## BRIEF
Leave the pictures out, and repeat exactly every line from the one with "Brick ranch house" through the end of the data below.

## DATASET EXCERPT
◇ ◇ ◇ ◇ ◇ ◇ ◇

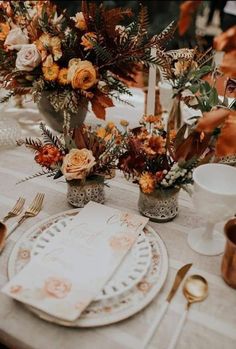 the table is set with orange flowers and white plates, silverware, and candlesticks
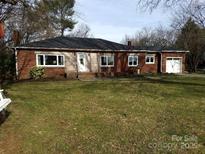 Brick ranch house with attached garage and a spacious lawn at 559 Big Lick Rd, Stanfield, NC 28163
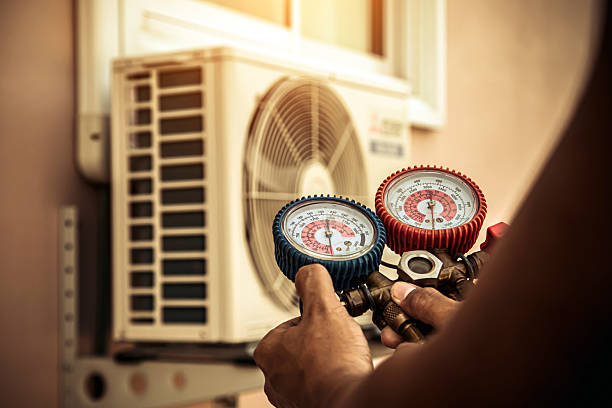 Professional Heat Pump Repair technician working in Colgate, WI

◇ ◇ ◇ ◇ ◇ ◇ ◇

## COMPLETED TASK
 Brick ranch house with attached garage and a spacious lawn at 559 Big Lick Rd, Stanfield, NC 28163
 Professional Heat Pump Repair technician working in Colgate, WI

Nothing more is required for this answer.